### WHAT THE TASK REQUIRES
Leave out the pictures and copy every record exactly.

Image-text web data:
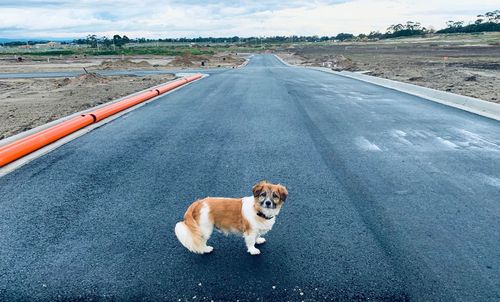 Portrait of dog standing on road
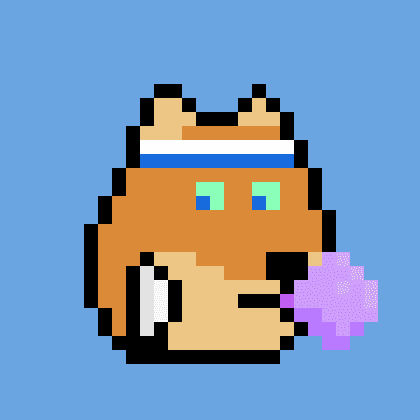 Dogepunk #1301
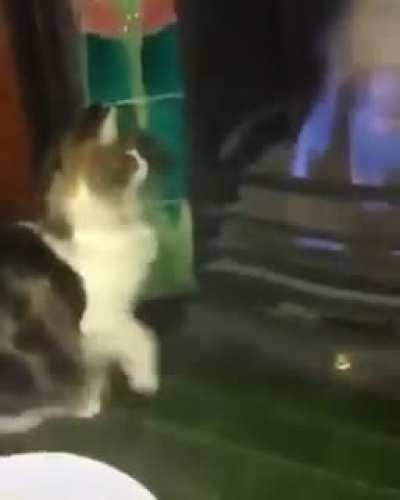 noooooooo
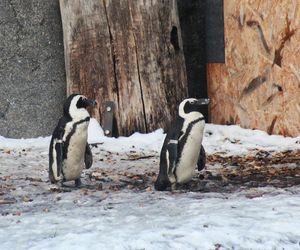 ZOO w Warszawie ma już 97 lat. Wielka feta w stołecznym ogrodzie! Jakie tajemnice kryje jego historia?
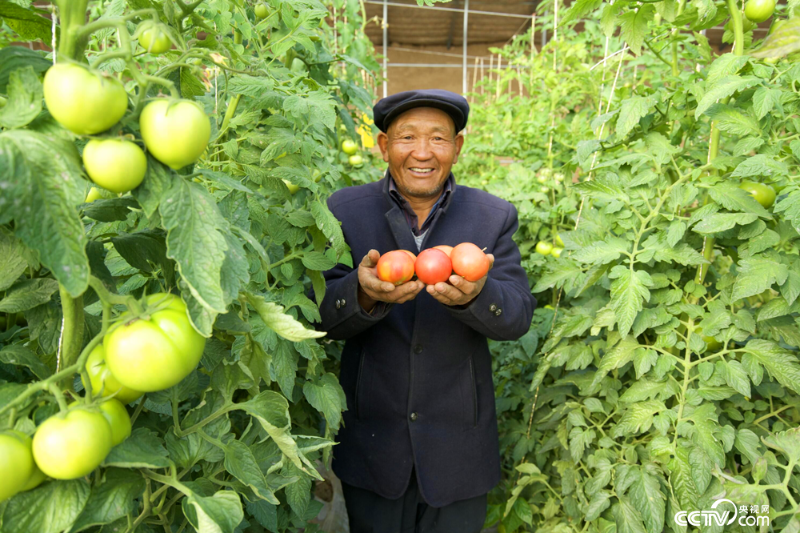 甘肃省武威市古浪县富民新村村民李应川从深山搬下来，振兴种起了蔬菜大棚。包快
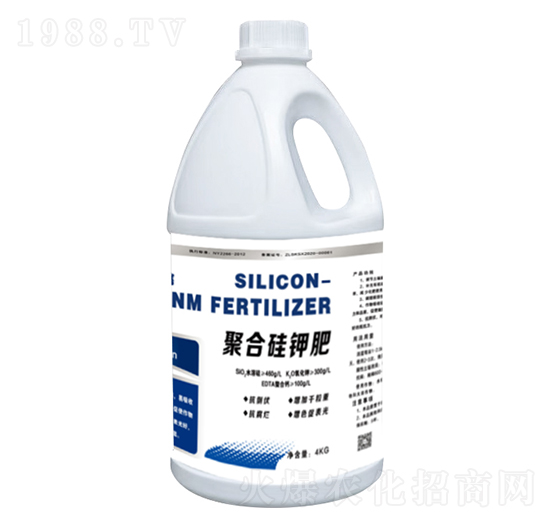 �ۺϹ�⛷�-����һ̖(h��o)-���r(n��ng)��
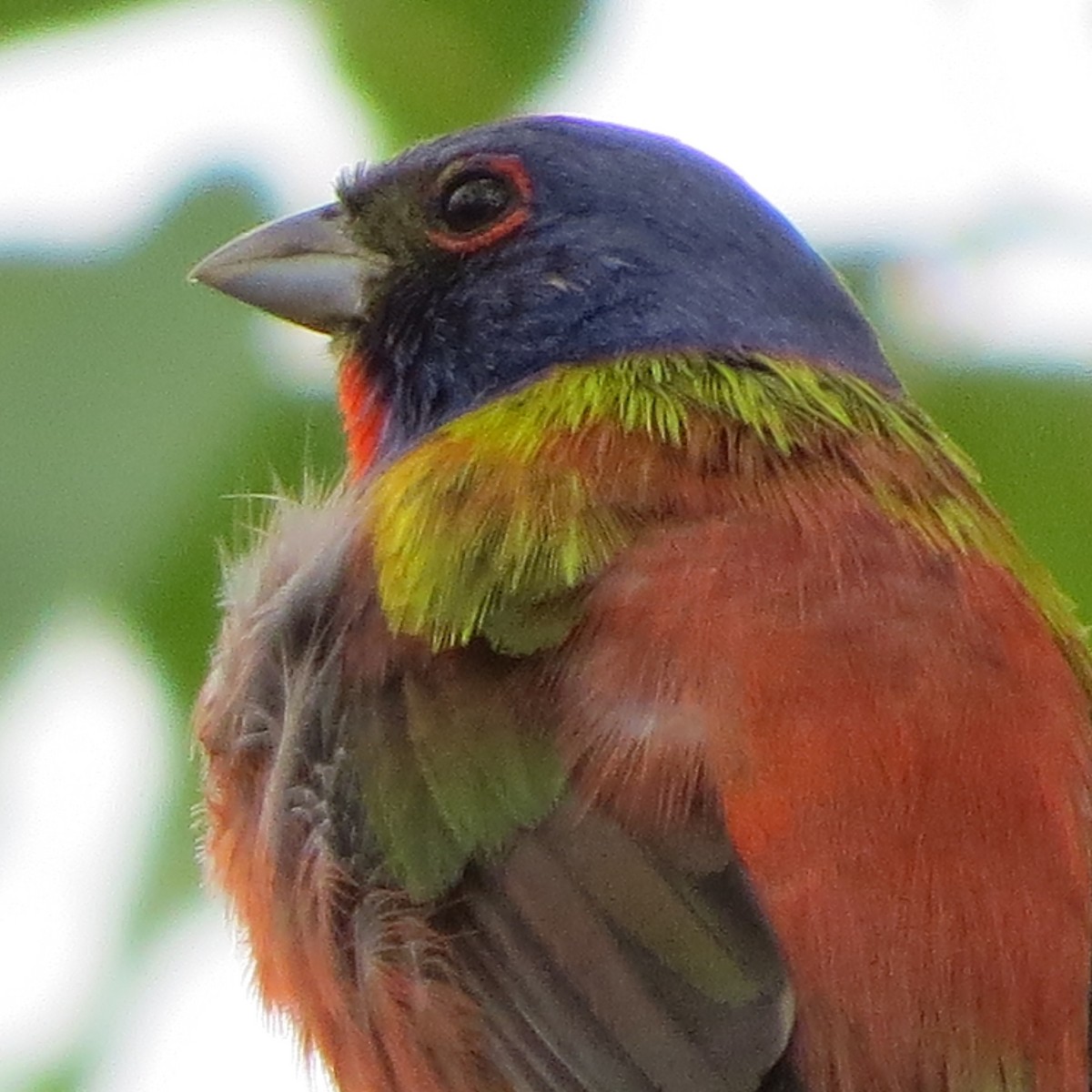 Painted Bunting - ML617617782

### FINISHED EXERCISE
 Portrait of dog standing on road
 Dogepunk #1301
 noooooooo
 ZOO w Warszawie ma już 97 lat. Wielka feta w stołecznym ogrodzie! Jakie tajemnice kryje jego historia?
 甘肃省武威市古浪县富民新村村民李应川从深山搬下来，振兴种起了蔬菜大棚。包快
 �ۺϹ�⛷�-����һ̖(h��o)-���r(n��ng)��
 Painted Bunting - ML617617782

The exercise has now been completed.